### Brief
Output all of the material beneath this line exactly as it is.

### Records provided

BEGIN

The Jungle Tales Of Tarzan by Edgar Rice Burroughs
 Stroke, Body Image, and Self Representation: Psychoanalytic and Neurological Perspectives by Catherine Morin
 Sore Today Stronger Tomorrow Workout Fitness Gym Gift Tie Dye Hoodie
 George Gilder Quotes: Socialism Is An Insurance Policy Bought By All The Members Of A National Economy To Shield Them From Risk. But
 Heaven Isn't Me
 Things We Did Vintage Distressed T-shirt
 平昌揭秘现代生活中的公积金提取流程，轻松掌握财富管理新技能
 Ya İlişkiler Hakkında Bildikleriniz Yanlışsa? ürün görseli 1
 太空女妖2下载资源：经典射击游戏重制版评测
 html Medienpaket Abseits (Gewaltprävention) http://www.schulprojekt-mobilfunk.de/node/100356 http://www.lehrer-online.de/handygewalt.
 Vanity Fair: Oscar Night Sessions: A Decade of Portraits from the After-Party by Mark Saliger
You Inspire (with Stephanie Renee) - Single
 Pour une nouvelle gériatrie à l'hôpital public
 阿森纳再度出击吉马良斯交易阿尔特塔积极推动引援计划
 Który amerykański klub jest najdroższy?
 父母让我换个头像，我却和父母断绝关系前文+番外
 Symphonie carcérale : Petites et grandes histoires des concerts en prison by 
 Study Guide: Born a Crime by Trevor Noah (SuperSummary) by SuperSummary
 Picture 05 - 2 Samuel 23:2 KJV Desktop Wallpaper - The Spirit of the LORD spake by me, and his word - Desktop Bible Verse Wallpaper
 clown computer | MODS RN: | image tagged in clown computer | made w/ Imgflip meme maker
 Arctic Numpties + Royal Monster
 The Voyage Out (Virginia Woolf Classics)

END

### Exercise response
The Jungle Tales Of Tarzan by Edgar Rice Burroughs
 Stroke, Body Image, and Self Representation: Psychoanalytic and Neurological Perspectives by Catherine Morin
 Sore Today Stronger Tomorrow Workout Fitness Gym Gift Tie Dye Hoodie
 George Gilder Quotes: Socialism Is An Insurance Policy Bought By All The Members Of A National Economy To Shield Them From Risk. But
 Heaven Isn't Me
 Things We Did Vintage Distressed T-shirt
 平昌揭秘现代生活中的公积金提取流程，轻松掌握财富管理新技能
 Ya İlişkiler Hakkında Bildikleriniz Yanlışsa? ürün görseli 1
 太空女妖2下载资源：经典射击游戏重制版评测
 html Medienpaket Abseits (Gewaltprävention) http://www.schulprojekt-mobilfunk.de/node/100356 http://www.lehrer-online.de/handygewalt.
 Vanity Fair: Oscar Night Sessions: A Decade of Portraits from the After-Party by Mark Saliger
You Inspire (with Stephanie Renee) - Single
 Pour une nouvelle gériatrie à l'hôpital public
 阿森纳再度出击吉马良斯交易阿尔特塔积极推动引援计划
 Który amerykański klub jest najdroższy?
 父母让我换个头像，我却和父母断绝关系前文+番外
 Symphonie carcérale : Petites et grandes histoires des concerts en prison by 
 Study Guide: Born a Crime by Trevor Noah (SuperSummary) by SuperSummary
 Picture 05 - 2 Samuel 23:2 KJV Desktop Wallpaper - The Spirit of the LORD spake by me, and his word - Desktop Bible Verse Wallpaper
 clown computer | MODS RN: | image tagged in clown computer | made w/ Imgflip meme maker
 Arctic Numpties + Royal Monster
 The Voyage Out (Virginia Woolf Classics)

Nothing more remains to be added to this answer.